[Data items]
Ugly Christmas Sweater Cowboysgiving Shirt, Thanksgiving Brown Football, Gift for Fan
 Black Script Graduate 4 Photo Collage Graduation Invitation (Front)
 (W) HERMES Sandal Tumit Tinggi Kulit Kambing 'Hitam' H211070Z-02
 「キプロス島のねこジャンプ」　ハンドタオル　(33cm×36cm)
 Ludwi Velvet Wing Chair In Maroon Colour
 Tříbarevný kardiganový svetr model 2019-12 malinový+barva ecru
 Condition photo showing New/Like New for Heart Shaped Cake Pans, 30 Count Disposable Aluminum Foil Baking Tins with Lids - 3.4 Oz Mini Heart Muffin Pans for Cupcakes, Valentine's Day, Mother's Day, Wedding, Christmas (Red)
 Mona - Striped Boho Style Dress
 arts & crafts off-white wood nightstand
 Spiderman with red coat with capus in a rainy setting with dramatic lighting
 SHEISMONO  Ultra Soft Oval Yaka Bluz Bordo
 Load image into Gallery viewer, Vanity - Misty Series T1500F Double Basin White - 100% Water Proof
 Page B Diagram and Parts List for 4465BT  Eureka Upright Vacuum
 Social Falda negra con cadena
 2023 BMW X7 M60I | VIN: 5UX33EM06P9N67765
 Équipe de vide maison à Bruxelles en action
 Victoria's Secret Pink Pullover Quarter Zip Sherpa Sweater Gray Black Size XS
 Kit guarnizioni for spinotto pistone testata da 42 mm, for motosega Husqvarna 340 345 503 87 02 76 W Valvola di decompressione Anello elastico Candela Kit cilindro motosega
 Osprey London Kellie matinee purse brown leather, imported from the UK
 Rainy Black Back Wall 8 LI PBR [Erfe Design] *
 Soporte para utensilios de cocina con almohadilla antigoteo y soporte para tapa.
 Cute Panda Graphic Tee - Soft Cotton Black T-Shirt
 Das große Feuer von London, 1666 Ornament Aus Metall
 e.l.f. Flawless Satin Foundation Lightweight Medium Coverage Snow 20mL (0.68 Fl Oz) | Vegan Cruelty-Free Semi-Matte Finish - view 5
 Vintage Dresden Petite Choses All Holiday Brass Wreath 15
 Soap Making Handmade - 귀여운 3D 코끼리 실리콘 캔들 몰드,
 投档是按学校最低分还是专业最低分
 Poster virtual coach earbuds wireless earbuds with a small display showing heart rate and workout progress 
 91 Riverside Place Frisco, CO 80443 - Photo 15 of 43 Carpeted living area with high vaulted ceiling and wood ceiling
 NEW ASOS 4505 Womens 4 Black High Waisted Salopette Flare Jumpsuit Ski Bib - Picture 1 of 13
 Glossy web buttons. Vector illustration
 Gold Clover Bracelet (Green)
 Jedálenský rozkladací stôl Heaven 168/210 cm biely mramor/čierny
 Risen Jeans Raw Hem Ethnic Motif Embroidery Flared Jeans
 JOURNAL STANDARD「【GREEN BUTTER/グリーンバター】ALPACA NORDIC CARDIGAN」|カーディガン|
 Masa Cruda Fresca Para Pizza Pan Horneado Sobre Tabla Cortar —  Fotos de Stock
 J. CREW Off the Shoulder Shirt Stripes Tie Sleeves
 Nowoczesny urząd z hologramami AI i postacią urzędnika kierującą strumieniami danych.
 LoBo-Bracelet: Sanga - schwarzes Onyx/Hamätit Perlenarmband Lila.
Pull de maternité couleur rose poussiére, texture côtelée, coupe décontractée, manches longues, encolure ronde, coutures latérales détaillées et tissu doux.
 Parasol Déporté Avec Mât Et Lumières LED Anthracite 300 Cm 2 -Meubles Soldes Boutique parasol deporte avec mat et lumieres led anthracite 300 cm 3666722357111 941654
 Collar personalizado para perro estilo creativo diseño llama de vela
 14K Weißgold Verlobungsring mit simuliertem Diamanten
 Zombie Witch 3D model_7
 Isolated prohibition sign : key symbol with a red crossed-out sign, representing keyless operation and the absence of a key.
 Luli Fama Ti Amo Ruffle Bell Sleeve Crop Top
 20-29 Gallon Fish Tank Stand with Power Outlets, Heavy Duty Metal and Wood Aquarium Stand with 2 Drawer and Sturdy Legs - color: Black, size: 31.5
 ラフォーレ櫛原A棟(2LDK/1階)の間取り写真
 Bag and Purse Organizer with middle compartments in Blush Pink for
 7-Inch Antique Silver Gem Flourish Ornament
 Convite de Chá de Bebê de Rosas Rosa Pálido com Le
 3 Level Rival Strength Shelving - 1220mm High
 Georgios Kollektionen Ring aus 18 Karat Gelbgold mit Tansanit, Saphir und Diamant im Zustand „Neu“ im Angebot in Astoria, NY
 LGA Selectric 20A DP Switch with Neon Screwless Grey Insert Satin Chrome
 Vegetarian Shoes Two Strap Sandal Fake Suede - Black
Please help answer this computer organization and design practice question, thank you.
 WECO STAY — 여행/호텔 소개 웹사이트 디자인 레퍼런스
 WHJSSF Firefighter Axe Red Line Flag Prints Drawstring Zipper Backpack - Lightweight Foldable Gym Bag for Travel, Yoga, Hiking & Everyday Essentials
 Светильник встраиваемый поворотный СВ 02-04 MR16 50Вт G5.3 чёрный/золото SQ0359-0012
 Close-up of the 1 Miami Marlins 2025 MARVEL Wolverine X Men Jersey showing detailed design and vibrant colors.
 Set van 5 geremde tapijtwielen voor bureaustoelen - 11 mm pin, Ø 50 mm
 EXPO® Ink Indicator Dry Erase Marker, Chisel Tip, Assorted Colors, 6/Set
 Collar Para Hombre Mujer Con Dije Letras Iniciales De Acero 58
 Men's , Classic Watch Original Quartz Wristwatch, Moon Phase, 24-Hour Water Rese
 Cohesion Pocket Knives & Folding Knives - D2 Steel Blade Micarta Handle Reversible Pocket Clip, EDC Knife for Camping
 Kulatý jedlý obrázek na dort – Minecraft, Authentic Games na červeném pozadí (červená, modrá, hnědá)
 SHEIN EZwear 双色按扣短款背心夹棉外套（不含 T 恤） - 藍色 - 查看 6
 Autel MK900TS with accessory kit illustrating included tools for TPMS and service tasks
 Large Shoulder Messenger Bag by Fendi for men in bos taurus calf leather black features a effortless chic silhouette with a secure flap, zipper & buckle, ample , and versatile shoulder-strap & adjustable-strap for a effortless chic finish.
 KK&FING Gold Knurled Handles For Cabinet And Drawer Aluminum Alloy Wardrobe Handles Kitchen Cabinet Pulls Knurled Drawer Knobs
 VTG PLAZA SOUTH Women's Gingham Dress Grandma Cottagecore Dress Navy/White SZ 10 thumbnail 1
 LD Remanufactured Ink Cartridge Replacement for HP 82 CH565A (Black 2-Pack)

# [EXERCISE REQUIREMENTS]
Word for word, set down all the lines above.

# [RESPONSE TO THIS EXERCISE]
Ugly Christmas Sweater Cowboysgiving Shirt, Thanksgiving Brown Football, Gift for Fan
 Black Script Graduate 4 Photo Collage Graduation Invitation (Front)
 (W) HERMES Sandal Tumit Tinggi Kulit Kambing 'Hitam' H211070Z-02
 「キプロス島のねこジャンプ」　ハンドタオル　(33cm×36cm)
 Ludwi Velvet Wing Chair In Maroon Colour
 Tříbarevný kardiganový svetr model 2019-12 malinový+barva ecru
 Condition photo showing New/Like New for Heart Shaped Cake Pans, 30 Count Disposable Aluminum Foil Baking Tins with Lids - 3.4 Oz Mini Heart Muffin Pans for Cupcakes, Valentine's Day, Mother's Day, Wedding, Christmas (Red)
 Mona - Striped Boho Style Dress
 arts & crafts off-white wood nightstand
 Spiderman with red coat with capus in a rainy setting with dramatic lighting
 SHEISMONO  Ultra Soft Oval Yaka Bluz Bordo
 Load image into Gallery viewer, Vanity - Misty Series T1500F Double Basin White - 100% Water Proof
 Page B Diagram and Parts List for 4465BT  Eureka Upright Vacuum
 Social Falda negra con cadena
 2023 BMW X7 M60I | VIN: 5UX33EM06P9N67765
 Équipe de vide maison à Bruxelles en action
 Victoria's Secret Pink Pullover Quarter Zip Sherpa Sweater Gray Black Size XS
 Kit guarnizioni for spinotto pistone testata da 42 mm, for motosega Husqvarna 340 345 503 87 02 76 W Valvola di decompressione Anello elastico Candela Kit cilindro motosega
 Osprey London Kellie matinee purse brown leather, imported from the UK
 Rainy Black Back Wall 8 LI PBR [Erfe Design] *
 Soporte para utensilios de cocina con almohadilla antigoteo y soporte para tapa.
 Cute Panda Graphic Tee - Soft Cotton Black T-Shirt
 Das große Feuer von London, 1666 Ornament Aus Metall
 e.l.f. Flawless Satin Foundation Lightweight Medium Coverage Snow 20mL (0.68 Fl Oz) | Vegan Cruelty-Free Semi-Matte Finish - view 5
 Vintage Dresden Petite Choses All Holiday Brass Wreath 15
 Soap Making Handmade - 귀여운 3D 코끼리 실리콘 캔들 몰드,
 投档是按学校最低分还是专业最低分
 Poster virtual coach earbuds wireless earbuds with a small display showing heart rate and workout progress 
 91 Riverside Place Frisco, CO 80443 - Photo 15 of 43 Carpeted living area with high vaulted ceiling and wood ceiling
 NEW ASOS 4505 Womens 4 Black High Waisted Salopette Flare Jumpsuit Ski Bib - Picture 1 of 13
 Glossy web buttons. Vector illustration
 Gold Clover Bracelet (Green)
 Jedálenský rozkladací stôl Heaven 168/210 cm biely mramor/čierny
 Risen Jeans Raw Hem Ethnic Motif Embroidery Flared Jeans
 JOURNAL STANDARD「【GREEN BUTTER/グリーンバター】ALPACA NORDIC CARDIGAN」|カーディガン|
 Masa Cruda Fresca Para Pizza Pan Horneado Sobre Tabla Cortar —  Fotos de Stock
 J. CREW Off the Shoulder Shirt Stripes Tie Sleeves
 Nowoczesny urząd z hologramami AI i postacią urzędnika kierującą strumieniami danych.
 LoBo-Bracelet: Sanga - schwarzes Onyx/Hamätit Perlenarmband Lila.
Pull de maternité couleur rose poussiére, texture côtelée, coupe décontractée, manches longues, encolure ronde, coutures latérales détaillées et tissu doux.
 Parasol Déporté Avec Mât Et Lumières LED Anthracite 300 Cm 2 -Meubles Soldes Boutique parasol deporte avec mat et lumieres led anthracite 300 cm 3666722357111 941654
 Collar personalizado para perro estilo creativo diseño llama de vela
 14K Weißgold Verlobungsring mit simuliertem Diamanten
 Zombie Witch 3D model_7
 Isolated prohibition sign : key symbol with a red crossed-out sign, representing keyless operation and the absence of a key.
 Luli Fama Ti Amo Ruffle Bell Sleeve Crop Top
 20-29 Gallon Fish Tank Stand with Power Outlets, Heavy Duty Metal and Wood Aquarium Stand with 2 Drawer and Sturdy Legs - color: Black, size: 31.5
 ラフォーレ櫛原A棟(2LDK/1階)の間取り写真
 Bag and Purse Organizer with middle compartments in Blush Pink for
 7-Inch Antique Silver Gem Flourish Ornament
 Convite de Chá de Bebê de Rosas Rosa Pálido com Le
 3 Level Rival Strength Shelving - 1220mm High
 Georgios Kollektionen Ring aus 18 Karat Gelbgold mit Tansanit, Saphir und Diamant im Zustand „Neu“ im Angebot in Astoria, NY
 LGA Selectric 20A DP Switch with Neon Screwless Grey Insert Satin Chrome
 Vegetarian Shoes Two Strap Sandal Fake Suede - Black
Please help answer this computer organization and design practice question, thank you.
 WECO STAY — 여행/호텔 소개 웹사이트 디자인 레퍼런스
 WHJSSF Firefighter Axe Red Line Flag Prints Drawstring Zipper Backpack - Lightweight Foldable Gym Bag for Travel, Yoga, Hiking & Everyday Essentials
 Светильник встраиваемый поворотный СВ 02-04 MR16 50Вт G5.3 чёрный/золото SQ0359-0012
 Close-up of the 1 Miami Marlins 2025 MARVEL Wolverine X Men Jersey showing detailed design and vibrant colors.
 Set van 5 geremde tapijtwielen voor bureaustoelen - 11 mm pin, Ø 50 mm
 EXPO® Ink Indicator Dry Erase Marker, Chisel Tip, Assorted Colors, 6/Set
 Collar Para Hombre Mujer Con Dije Letras Iniciales De Acero 58
 Men's , Classic Watch Original Quartz Wristwatch, Moon Phase, 24-Hour Water Rese
 Cohesion Pocket Knives & Folding Knives - D2 Steel Blade Micarta Handle Reversible Pocket Clip, EDC Knife for Camping
 Kulatý jedlý obrázek na dort – Minecraft, Authentic Games na červeném pozadí (červená, modrá, hnědá)
 SHEIN EZwear 双色按扣短款背心夹棉外套（不含 T 恤） - 藍色 - 查看 6
 Autel MK900TS with accessory kit illustrating included tools for TPMS and service tasks
 Large Shoulder Messenger Bag by Fendi for men in bos taurus calf leather black features a effortless chic silhouette with a secure flap, zipper & buckle, ample , and versatile shoulder-strap & adjustable-strap for a effortless chic finish.
 KK&FING Gold Knurled Handles For Cabinet And Drawer Aluminum Alloy Wardrobe Handles Kitchen Cabinet Pulls Knurled Drawer Knobs
 VTG PLAZA SOUTH Women's Gingham Dress Grandma Cottagecore Dress Navy/White SZ 10 thumbnail 1
 LD Remanufactured Ink Cartridge Replacement for HP 82 CH565A (Black 2-Pack)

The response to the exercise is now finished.